On October 24, 2009, a police officer attempted to stop a vehicle in Kansas City, *717 Kansas. The car ran straight into another vehicle. The driver fled the disabled vehicle, escaping police. The passenger, Defendant, also fled but police soon captured him. Subsequently, police discovered a pistol on the driver’s seat and a shotgun on the passenger’s seat of the vehicle. A check of Defendant’s criminal history revealed he had previously been convicted of two crimes, each punishable by a term of imprisonment exceeding one year, in February and May 2009. Based upon the pistol and shotgun, a grand jury indicted Defendant with one count of being a felon in possession of a firearm in violation of 18 U.S.C. § 922(g)(1).

Defendant pled guilty without a plea agreement. Initially, the presentence report (PSR) recommended an offense level of twelve, reflecting a two-level reduction for acceptance of responsibility. See U.S.S.G. §§ 2K2.1(a)(6) and 3El.l(a). The PSR also noted that upon Defendant’s arrest the police seized Defendant’s cell phone. Examination of the cell phone revealed a photograph of Defendant holding three firearms (none of which were the pistol and shotgun found in the car), one of which contained a large-capacity magazine. The file properties of the photograph indicated it was created on October 8, 2009. Nonetheless, the PSR states that, according to defense counsel, Defendant claimed a friend had sent the picture to Defendant’s cell phone on October 8, 2009, “but the picture itself was taken at an earlier date.” ROA Vol. 3 at 6. Thus, the PSR did not initially consider the picture to constitute evidence of relevant conduct that would increase Defendant’s base offense level. See U.S.S.G. § 1B1.3.
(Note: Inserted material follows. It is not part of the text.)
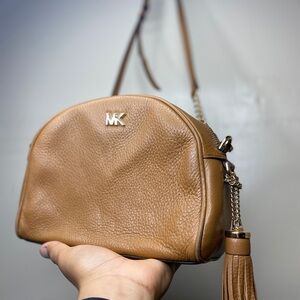 Michael Kors Tan Leather Crossbody Bag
Thereafter, the Government made one objection to the PSR: that the photograph found on Defendant’s phone constituted evidence of relevant conduct — possession of three additional firearms — warranting an enhancement of his offense level. The Government also revealed to Probation and Defendant that an expert had confirmed, and would so testify, that the photograph at issue was taken on October 8, 2009 by Defendant’s cell phone, and not sent and saved to his cell phone from some other source on that date. Defense counsel simply responded he would “conduet[ ] further investigation into the issues presented by the Government.” Citing United States v. Windle, 74 F.3d 997, 1000-01 (10th Cir.1996), the probation officer then amended the PSR to explain that if the district court found the photo was taken on October 8, 2009, when Defendant was a felon and thereby prohibited from possessing firearms, his possession of the three firearms in the picture would constitute relevant conduct. 1 Because the photo depicts Defendant holding three weapons, one of which contained a high-capacity magazine, the Sentencing Guidelines recommend an offense level of twenty-two. See U.S.S.G. § § 2K2.1(b)(1)(A) and 2K2.1(a)(4).
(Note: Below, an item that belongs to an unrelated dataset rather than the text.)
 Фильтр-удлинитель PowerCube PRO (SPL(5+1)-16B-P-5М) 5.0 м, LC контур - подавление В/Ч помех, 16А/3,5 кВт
At the sentencing hearing, the Government called the computer forensics expert who had examined Defendant’s cell phone. He testified that the photo in question, referred to as photo number 90, was taken on October 8, 2009 by Defendant’s cell phone camera. The expert further explained that no. 90 was one photo in a series of three photographs taken by Defendant’s cell phone camera within three minutes on October 8, 2009. The first depicts two pistols and “an Uzi-looking weapon with an extended clip on a kitchen table” with “someone’s hand apparently *718 throwing up a gang sign.” ROA Vol. 2 at 53-54. The second shows Defendant holding one of the three firearms in the same kitchen area. Id. at 54. And, the third— no. 90 — depicts Defendant in the same kitchen area holding the three firearms. Id. at 55.

At that point, Defendant proffered another explanation of photo no. 90 separate from his claim that October 8 was the date he received that picture on his camera from a friend — the same explanation he proffers to us. Defendant told the district court the photo is actually a photo of a photo; the original — the photo in the photo — was taken some time before October 8, 2009. Consequently, Defendant maintained that the Government had not met its burden of proving the original photo was taken after either of his felony convictions in February and May 2009. On cross-examination, the expert agreed that three other photos also found on Defendant’s cell phone appeared to be pictures of pictures, ie., Defendant had used his cell phone camera to take a picture of an existing picture.

The district court, however, was not convinced. Instead, the court was “persuaded that it is more likely than not that the photo ... was taken of [Defendant] possessing the three weapons depicted in that picture on or about the date of October 9 of 2009.” ROA Vol. 2 at 69. Based upon the expert’s testimony, the court concluded “it is clearly not possible that the photo was sent to [Defendant’s cell phone] camera from ... some other camera or that it was uploaded from a computer.” Id. As to Defendant’s photo of a photo argument, the court explained that during the sentencing hearing Defendant had produced three examples of cell phone photos of photos, but that:

Those three photos of photos ... are quite clearly and unmistakably photos of photos.... On the other hand, there’s absolutely nothing about the picture [of Defendant with three firearms] that would give any indication that it was a photo of a photo, and it’s included in a sequence of three photos that seem to be taken, by the meta data supplied from the review of the camera, on or about the same time. I find it highly unlikely that there were three other photographs which were then in turn photographed by the cell phone camera at or about that time.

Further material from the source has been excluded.